NSW Chief Scientist Professor Mary O’Kane pointed to Australia’s well-established research into AI, which included her own experience gaining a PhD in the 1970s at the NSW Institute of Technology, now UTS. Even then, it had “the best, most creative and liveliest AI group in Australia. It was sheer madness – the research we did, the fun we had,” she said.
From that “far fringe of academic endeavour”, Professor O’Kane said, AI has become mainstream and UTS: CAI is at the forefront of developments in machine learning, social robotics, business intelligence, computer vision, computational intelligence, brain-computer interface, data science and information systems.
She commended UTS for creating a centre that signals to the AI world the university’s intention to extend its significant position, with extensive linking to other disciplines.
The director of the centre, Distinguished Professor Jie Lu, said CAI will help position UTS as a leader in research excellence and become a key international research hub.
“The CAI is already producing cutting-edge research in specialist areas and will provide new opportunities for our highly specialised academic team in leadership and development,” she said.

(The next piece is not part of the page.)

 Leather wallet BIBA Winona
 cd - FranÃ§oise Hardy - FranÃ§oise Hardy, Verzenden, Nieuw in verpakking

The centre will have five dedicated labs which will draw links between collected data, behaviour and knowledge exchange; meet the needs of organisations for advanced knowledge of behaviours; provide accurate analysis of big data; and help to identify and develop solutions.
The labs are:
- Decision Systems and E-Service Intelligence (DESI) – development of theories, methods and software systems to help organisations make more informed decisions using big data
- Computational Intelligence and Brain Computer Interface Lab - human performance augmentation and human machine autonomous systems
- The Magic Lab – Australia’s leading social robotics group, conducting trans-disciplinary research into disruptive technology
- Knowledge Infrastructure - computational intelligence that can examine, extract and transport knowledge
- Data Science and Knowledge Discovery - data mining, machine learning and computer vision to help organisations solve problems and make smarter decisions
Visiting academic Professor Ah Chung Tsoi, University of Macau, told guests that while AI has matured and is attracting considerable commercial investment, it is the field of deep learning that is challenging universities to play a major research role.
“A computer is only as intelligent as we teach it to be, and there are many challenges such as the ability for AI to pick up the implicit knowledge that humans have. This can’t be done yet. Humans have unique feelings that machines will never be able to have.”
AI research at UTS is different … it allows researchers freedom to work on fundamental problems they identify.
Professor Tsoi said Australian AI research is comparable to anywhere in the world.
“AI research at UTS is different from any other university as it allows researchers freedom to work on fundamental problems they identify,” he said.
“I believe CAI will do really great things – not many centres have so many academic staff and students who are challenged to be enthusiastic and creative by pursuing ground-breaking work.”
The centre’s research director is Professor Ivor Tsang, whose research expertise is in machine learning on big data. The centre’s co-director is Distinguished Professor CT Lin, co-author of Neural Fuzzy Systems and author of Neural Fuzzy Control Systems with Structure and Parameter Learning.